Plus, the rebels would have a more obvious motive for staging the attack, just as Syria was allowing in UN inspectors to investigate earlier allegations of chemical-weapons use. Why Assad would launch a chemical attack at that moment is one of the head-scratching aspects of this unfolding mystery. Still, the evidence that "improvised tube-launched missiles" were used poses more questions about the U.S. certainty that President Bashar al-Assad is at fault, since homemade missiles would fall within the capability of al-Qaeda-allied rebels and such extremists are known for ruthless attacks that endanger and kill civilians.
Some neocon commentators were quick out of the gate with their own spin on Assad's supposed motivation -- that he was spitting in Barack Obama's face and showing his contempt for the President's resolve, but that sounds more like neocon agit-propaganda to prod Obama to retaliate than a serious argument.
And, as this hasty march toward war progresses, there's also the troubling behavior of Secretary of State John Kerry and his State Department subordinates who initially demanded that Syria allow UN inspectors to visit the site of the attack but then -- after Syria gave its okay on Sunday -- began insisting that it was "too late" to collect "credible" evidence on the ground.
The Wall Street Journal reported that U.S. officials even pressured UN General Secretary Ban Ki-Moon to withdraw his inspectors without their going to the scene and collecting evidence. Despite Kerry's statement, many chemical weapons experts say tell-tale signs of Sarin and other chemicals can be detected months or even years after an event.

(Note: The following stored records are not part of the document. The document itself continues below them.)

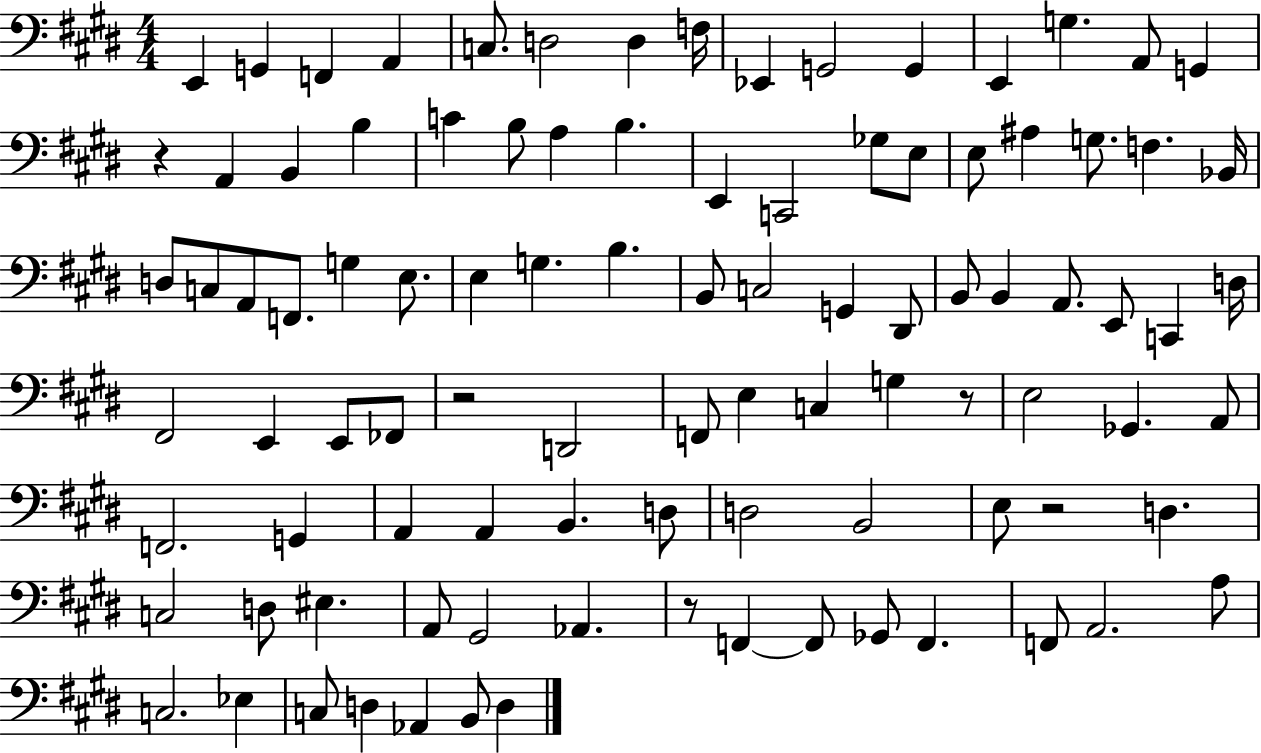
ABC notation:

X:1
T:Untitled
M:4/4
L:1/4
K:E
E,, G,, F,, A,, C,/2 D,2 D, F,/4 _E,, G,,2 G,, E,, G, A,,/2 G,, z A,, B,, B, C B,/2 A, B, E,, C,,2 _G,/2 E,/2 E,/2 ^A, G,/2 F, _B,,/4 D,/2 C,/2 A,,/2 F,,/2 G, E,/2 E, G, B, B,,/2 C,2 G,, ^D,,/2 B,,/2 B,, A,,/2 E,,/2 C,, D,/4 ^F,,2 E,, E,,/2 _F,,/2 z2 D,,2 F,,/2 E, C, G, z/2 E,2 _G,, A,,/2 F,,2 G,, A,, A,, B,, D,/2 D,2 B,,2 E,/2 z2 D, C,2 D,/2 ^E, A,,/2 ^G,,2 _A,, z/2 F,, F,,/2 _G,,/2 F,, F,,/2 A,,2 A,/2 C,2 _E, C,/2 D, _A,, B,,/2 D,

So, another question must arise: Why would Kerry not want the UN inspectors to do their best to determine what really happened?
Though it's possible that Kerry simply believes that other as-yet unidentified evidence proves Assad's guilt -- and that the UN team is therefore not needed -- there is the troubling deja vu of President George W. Bush's insistence that UN inspectors leave Iraq in March 2003 before they could reach a firm conclusion that Saddam Hussein's government lacked the WMD stockpiles that Bush falsely claimed were there.
Given that history, one might think the U.S. government would be best served collecting as much evidence as possible -- and processing it as carefully as can be done -- before launching another military assault on a Middle Eastern country without approval of the UN Security Council and thus outside the UN Charter.
The Media's Lust for War
The mainstream news media's unseemly lust for another war also recalls those dark days before Bush's invasion of Iraq.
On Monday, as I was waiting for a plane in the Detroit airport, television monitors showed CNN with alarmist headlines indicating that a U.S. attack could come "within hours." To any casual observer, it would appear that CNN had been briefed on a presidential decision to attack and the missiles would fly "within hours."
Only later did CNN revise the headline to indicate that the attack could come "within hours" once the President had authorized it. In other words, no decision had been made, but if one were made, the attack could be launched "within hours" -- a very big if.
But the carelessness of CNN was typical of the U.S. news media's reprise of its performance during the Iraq fiasco. On Wednesday, the Washington Post led its front page with more credulous reporting and the headline, "Proof against Assad at hand. Chemical Attack Timeline Mapped. U.S. military action appears all but certain."
The article reported that...
"...the Obama administration believes that U.S. intelligence has established how Syrian government forces stored, assembled and launched the chemical weapons allegedly used in last week's attack outside Damascus, according to U.S. officials.
"The administration is planning to release evidence, possibly as soon as Thursday, that it will say proves that Syrian President Bashar al-Assad bears responsibility for what U.S. officials have called an 'undeniable' chemical attack that killed hundreds on the outskirts of the Syrian capital.